Remove duplicates from NumPy Array in Python

In this article, we will learn how remove duplicate elements or rows or columns from a NumPy Array in Python.

Table Of Contents

Given a NumPy array, we need to remove the duplicates i.e the elements which are repeating more than once from the array. For example, if our input NumPy array is,

Input Array  : [1,2,3,4,4,5,6,7]  

Then after deleting duplicate elements from this NumPy Array, our content must be like,

Output Array : [1,2,3,4,5,6,7] 

There are multiple ways of removing duplicates from a NumPy Array. Let’s discuss all the methods one by one with proper approach and a working code example

Remove duplicates from NumPy Array using unique() method

The unique() method is a built-in method in the numpy, that takes an array as input and return a unique array i.e by removing all the duplicate elements. In order to remove duplicates we will pass the given NumPy array to the unique() method and it will return the unique array.

Syntax:

numpy.unique(arr, return_index=False, return_inverse=False, return_counts=False, axis=None) 

Parameters:
arr            = The array to be passed to the function.
return_index   = If True, returns the indices of unique array
return_inverse = If True, also returns the indices of unique array
axis           = Axis 0 represents rows and axis 1 represents columns, if no axis is provided then the input array will be flattened i.e treated as a 1d array

Delete duplicate elements from 1D NumPy Array

Approach :

  • Import numpy library and create a numpy array.
  • Pass the array to the unique() method without axis parameter.
  • The function will return the unique array.
  • print the resultant array.
import numpy as np

# Create a NumPy Aray
data = np.array([1,2,3,4,4,5,6,7])

# Pass array to the unique function
# It will remove the duplicates.
data = np.unique(data)

print(data)

Output:

[1 2 3 4 5 6 7]

It delete all the duplicate elements from the NumPy Array.
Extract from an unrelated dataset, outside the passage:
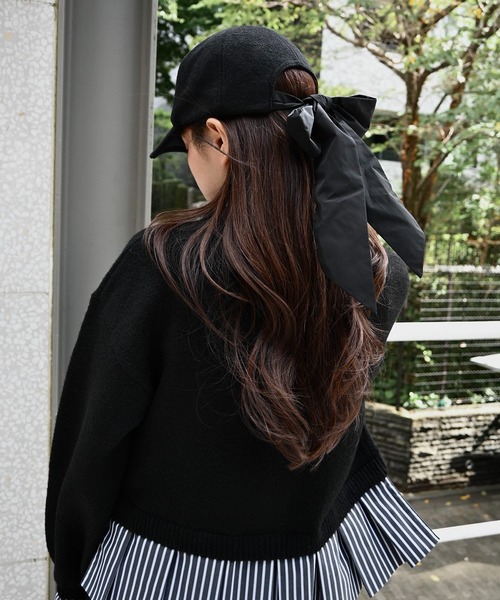 shirt docking pleats frill cuffs knit CD 【公式通販】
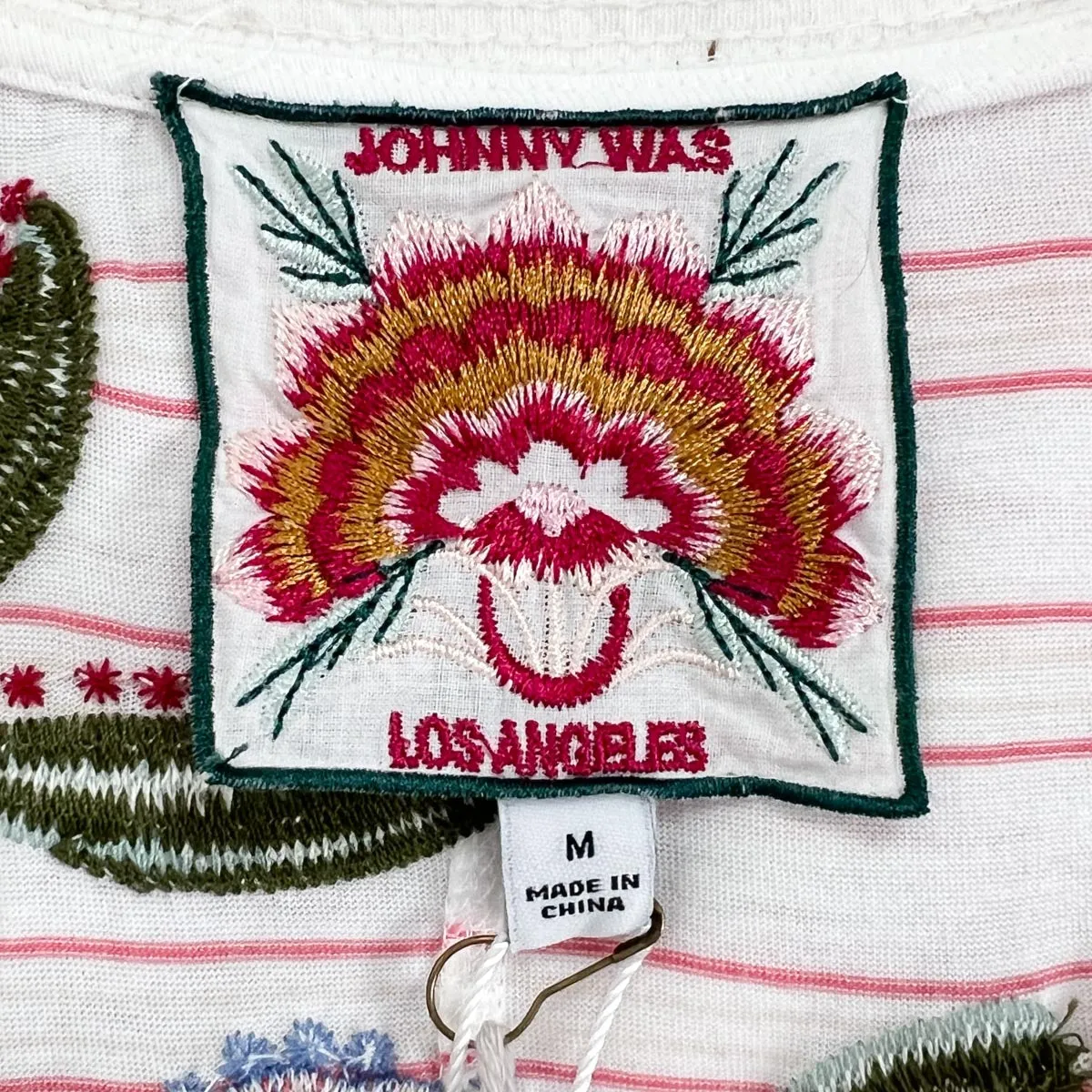 Johnny Was Libbi Trapunto Red White Embroidered T-Shirt Dress Medium ~ AU10-12 [NEW]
Delete duplicate rows from 2D NumPy Array

To remove the duplicate rows from a 2D NumPy array use the following steps,

  • Import numpy library and create a numpy array
  • Pass the array to the unique() method axis=0 parameter
  • The function will return the unique array
  • print the resultant array.

Source code

import numpy as np

# create numpy arrays
data = np.array([[1,2,3],
                 [3,2,1],
                 [7,8,9],
                 [9,8,9],
                 [7,8,9]])

# Delete duplicate rows from 2D NumPy Array
data = np.unique(data, axis=0)

print(data)

OUTPUT:

[[1 2 3]
 [3 2 1]
 [7 8 9]
 [9 8 9]]

It deleted all the duplicate rows from the 2d NumPy Array.

Delete duplicate columns from 2D NumPy Array

To remove the duplicate columns from a 2D NumPy array use the following steps,

  • Import numpy library and create a numpy array
  • Pass the array to the unique() method axis=1 parameter
  • The function will return the unique array

Source code

import numpy as np

# create numpy arrays
data = np.array([[1, 14, 3, 14, 14],
                 [3, 13, 1, 13, 13],
                 [7, 12, 9, 12, 12],
                 [9, 11, 9, 11, 11],
                 [7, 10, 9, 10, 10]])

# Remove Duplicate columns from 2D NumPy Array
data = np.unique(data, axis=1)

print(data)

Output:

[[ 1  3 14]
 [ 3  1 13]
 [ 7  9 12]
 [ 9  9 11]
 [ 7  9 10]]

Remove duplicates from NumPy Array using set() method

The set() method is a built-in method in python that takes an iterable as input and return a set iterable with distinct elements only.

Syntax:

set(iterable)

Parameters:
 Any iterable like tuple.
 It returns a iterable with unique elements

Let’s use this function to delete duplicate rows from 2D NumPy Array.

Approach :

  • import numpy library and create a numpy array
  • Iterate over each row of 2D array and get row contents as a tuple because numpy array is unhashable
  • Pass the hashable row tuples to the set()
  • set() method will return a iterator with unique elements/tuples
  • using numpy.vstack() we will join the array vertically.
  • Print the resultant array.

Source code

import numpy as np

# create numpy arrays
data = np.array([[1,2,3],
                 [3,2,1],
                 [7,8,9],
                 [9,8,9],
                 [7,8,9]])


# Delete duplicate rows from 2D NumPy Array
data = np.vstack(list(set(tuple(row) for row in data)))

print(data)

OUTPUT:

[[9 8 9]
 [7 8 9]
 [3 2 1]
 [1 2 3]]

Using unique() method along with the return_index parameter

Delete duplicate rows from 2D NumPy Array using unique() function

The unique() method is a built-in method in numpy that takes an array as input and return a unique array i.e by removing all the duplicate elements.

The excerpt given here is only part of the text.